Arts & Entertainment

Strawberries

Flash fiction by Ledger columnist and copy editor Vincent Dimson.

Melvin’s kindergarten teacher, Ms. Tami, sat on a stool, skimming worksheets at the front of the classroom, while her students waited in line against the blackboard for her final score on their assignments.  Already having been graded, Melvin sat near the line on the classroom rug, pushed up his sliding circular eyeglasses, and ruffled his moppy dirty blond hair.  As he waited, Melvin clicked together his index and middle fingers and glided them along the winding highways connecting the stumpy skyscrapers of the rug’s disproportionately-skewed aerial view of a cartoon metropolis.  His fingers accelerated like a Ferrari.  Though Melvin remained silent, the Foley artist in his mind growled through clenched teeth, replicating the Ferrari’s acceleration and screeches for the getaway movie Melvin’s eyes projected onto the screen.

Eventually, the Ferrari swerved off the freeway and nosedived into a ditch because of his short attention span.  Melvin was bored.
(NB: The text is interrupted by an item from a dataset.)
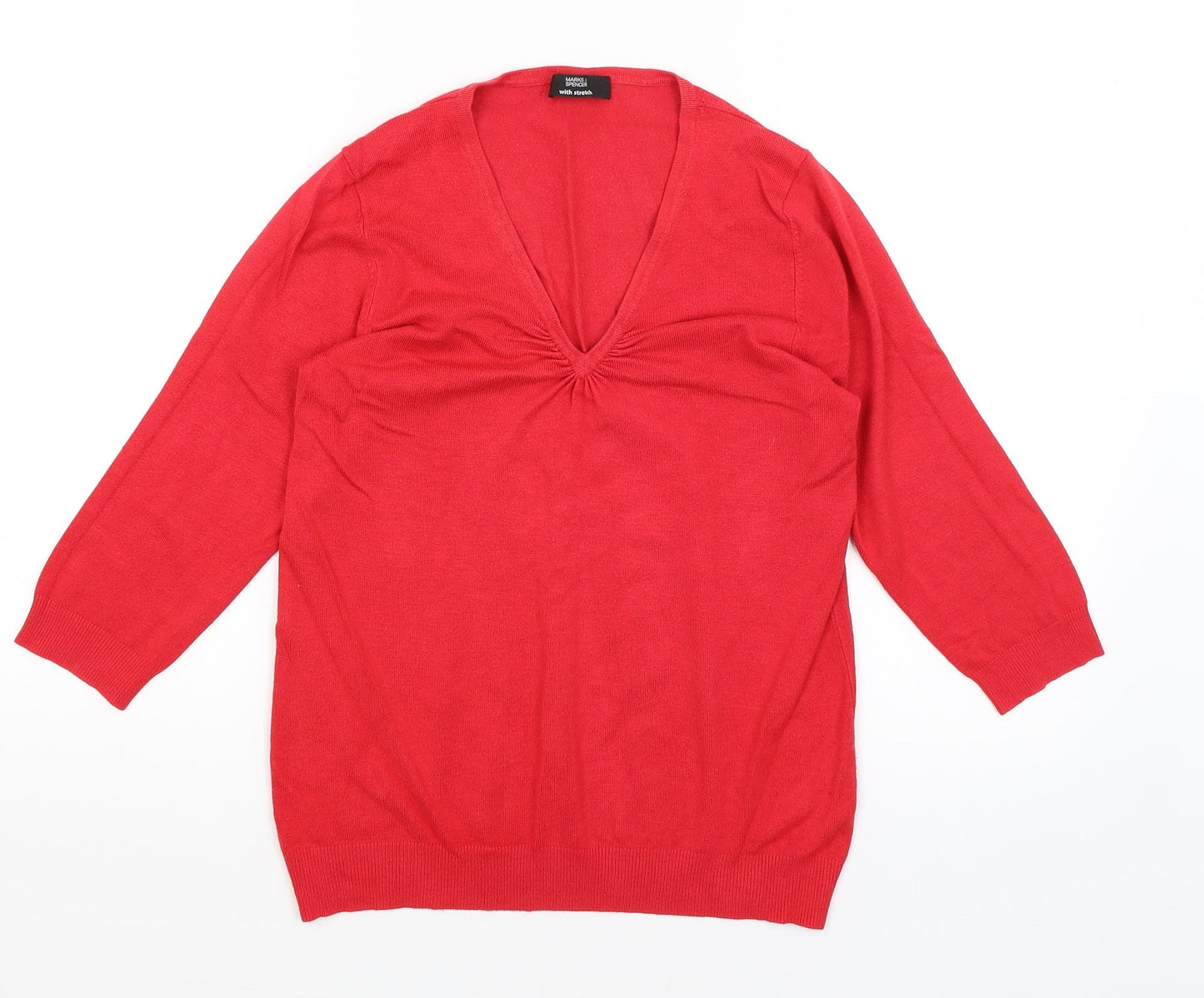 M&S Womens Red   Pullover Jumper Size 12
Without thinking, without hesitation, but oddly without sinister perversion, he pinched the hem of the skirt belonging to a girl standing in front of him, lifted it, and peeped at her panties.  Strawberries dotted her white underwear.
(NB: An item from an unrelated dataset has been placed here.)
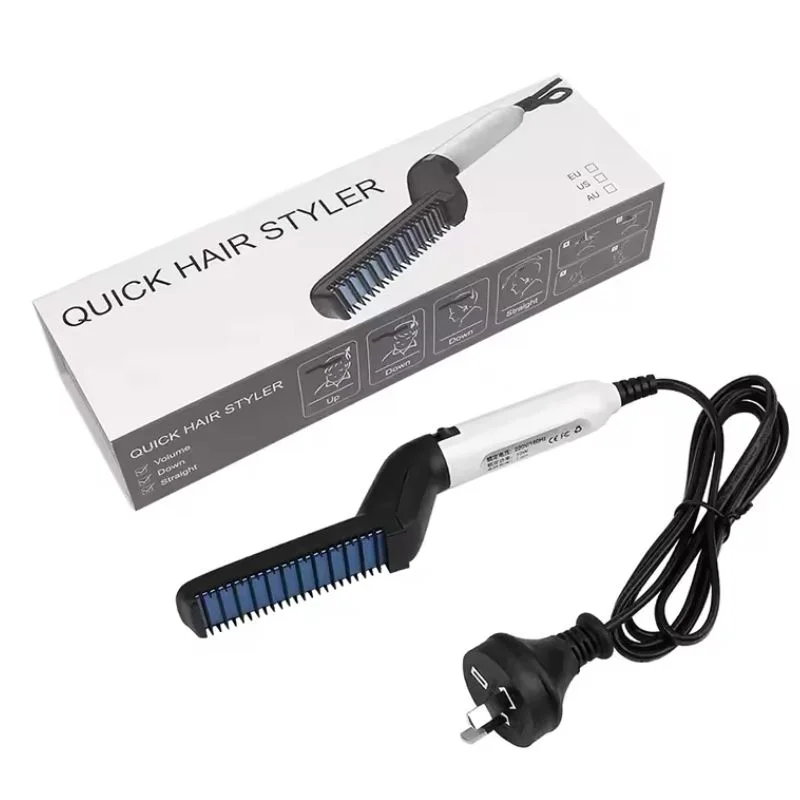 Hair &amp; Beard Straightener Comb for Men | Multifunction Electric Hair &amp; Beard Styling Brush | Quick Heating Ceramic Straightener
He released her skirt.  No shrieking.  No crying.  No vehement cringing of her freckled face.  A blank stare without rancor.  Melvin assumed she was okay with it.  She remained in line. When she was next, she leaned closer into the teacher’s ear.  Ms. Tami scowled at him, the circumference of her eyes behind her glasses widening like an expanding puddle of water from a melting ice cube.

“Melvin!  Go sit on the time-out mat!” the teacher yelled, pointing from her stool.

To which he replied:

“I didn’t do anything!”  And then he cried.